What we do next is write out this equation for every point in H, and notice that we have a system of linear equations in k variables, where k is the number of pixels we need to solve for in H. To solve the system of equations, the most straightforward thing to do would be to put them in matrix form and invert the matrix. However, k is actually quite large. For instance, in a 200x200 selection, k = 40,000. We do not want to sit around and wait to invert a 40,000 x 40,000 matrix. We should also note that the matrix is extremely sparse because every point has at maximum 4 neighbors (and also positive definite for you really observant math heads reading this). So each row has at most 5 nonzero elements and the rest are zero. This lends itself well to an iterative matrix solving technique. For simplicity, I decided to use something called the Jacobi Method to solve the sparse linear system. The Jacobi Method is a special case of Gradient Descent (if you've ever heard of that). Basically here's how it works:

Set up your matrix equations in the form \[ A x = b \] where A is the matrix of equations that I defined above (the equations that related gradients to gradients or set the boundary pixels equal to some constant), x is what we'd like to solve for (the pixels of the H image in this case), and b is what the equations should equal. It would be smart to compress the matrix A if you have a sparse matrix (my program only stores the nonzero entries in its data structure)
Initialize x to all zeros (this is an all black image)
Compute the product Ax
Compute the difference (b - Ax), which measures the error between what the current guess of x (our H image) is and what we need it to be.
Add the difference (b - Ax) back to x. This is the "gradient descent" part where we try to get our guess of the solution (x) to move in the right direction
Repeat steps 3-5 until the error between x and (b-Ax) is small enough

This process is guaranteed to converge on the correct solution for x if A is positive definite (which it is), and it does so exponentially. The code I wrote to implement the Jacobi method can be found in "MatrixSolver.java" in the source code archive. What ends up happening with this iterative solution is that the new image starts off with the correct border and a black interior, and then slowly fills in color from the outside in. Here's an example progression from 1%, to 33%, to 66%, to 100% convergence:

There are better techniques to use than the Jacobi Method in this case, but it's very simple, easy to explain, and easy to implement, so I just went with it. Performance suffers a bit for large selections (you may have to wait a minute or 2 for selections much bigger than 150px x 150px), but it's quite fast for small selections (most of the examples in this writeup completed in a matter of seconds).

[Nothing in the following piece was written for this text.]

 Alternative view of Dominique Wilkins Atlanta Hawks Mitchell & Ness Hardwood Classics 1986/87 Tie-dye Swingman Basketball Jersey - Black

NOTE: The actual paper on Poisson Image editing is much more rigorous than I am. It starts out thinking of image A and image B as continuous functions in 2D space, and formulating/solving a partial differential equation that describes the implantation of the gradient of image B onto image A in a least squared sense. It turns out you get something called the "Poisson Equation" when you do it this way in continuous space, which is why the technique is called "Poisson Image Editing". But you definitely don't need to understand partial differential equations to understand how this technique works on images with discrete pixels, so I omitted it in my discussion. Interested math-inclined readers should definitely check this section of the paper out, though, because the Poisson Equation pops up everywhere and it's neat to see how it fits in here.

Results and Discussion

Now comes the really fun part: testing. Below I'm going to show a bunch of test cases running this algorithm, and examine where the algorithm succeeds and where it fails (and try to explain why given what it's doing). Alright let's do it!

Example 1

Image A	Image B

Before Blending	After Blending

This is a fairly successful case. I was pretty tan and in indoor lighting when my picture was taken, while the Harry Potter cast was a little pasty and outside in overcast lighting. If you look carefully you can see that the boundary matches up exactly (as it should) and that the interpolation inwards smoothly preserves all of the original detail (gradient) of my face. Looking at specific parts of the boundary, the transition from the bottom of my face to Daniel Radcliffe's neck is seamless (you can't even really see where it happened), and my hair is now the same color as his. And the rest of my face is the same color too. So there we go...I can pretty much check hanging out with Emma Watson off the bucket list.

Example 2

Image A	Image B

Before Blending	After Blending

This is an example very similar in spirit to the last one. I pasted President Obama's face onto some goon Johannes I know, and they blended seamlessly together. Notice how I was careful to make the boundary match make sense; I chose skin pixels on image B to line up with skin pixels on image A so that the correspondence would make sense.

Example 3

Image A	Image B

Before Blending	After Blending

Here's what I would consider to be the first failure case. There are a few problems here. First of all, there isn't much contrast between the lion and his background. So when we put him in an environment where the grass is much brighter green and we would expect a contrast, the algorithm tries to preserve the original contrast between the lion and his background so he ends up light green. Also, the grass is much different in the two images, so even though it changes to the correct color there is a visible seam. In more technical computational photography terms, even though colors match up at the boundary, there is a "texture discontinuity" there. Poisson Image Editing only solves the color discontinuity problem so this is a problem we're stuck with.

Example 4

Image A	Image B

Before Blending	After Blending

Hey everyone, it's Carlton the friendly fat zombie from Doom 3! Seriously I love this example, but there is a small problem with it. Notice how I didn't match up Carlton's skin perfectly with the zombie's skin on the left. Instead, that region of the boundary is going to match to a dark background in image A. When the smooth gradient matching takes place it has to start out with those boundary conditions. So what ends up happening is the black background smoothly seeps into the image of Carlton's face from the left, so his face is way too dark on that side. Be careful that you have really good boundary matches when you use my program, otherwise you will have colors (like black in the case) bleeding in that shouldn't be there.

Example 5

Image A	Image B

Before Blending	After Blending

This has a similar problem to example 4, in that part of Carlton's face on the right got matched with Michael Jackson's hair, so some darkness got blended in from the right.

Example 6

Before Blending	After Blending

Not much to say here

Example 7

Image A	Image B

Before Blending	After Blending

This examples shows what truly bizarre things you can accomplish with Poisson Image Editing.

Example 8

Image A	Image B

After Blending

The last batch of apples I got at Trader Joe's had two apples with an uncanny resemblance to my parents...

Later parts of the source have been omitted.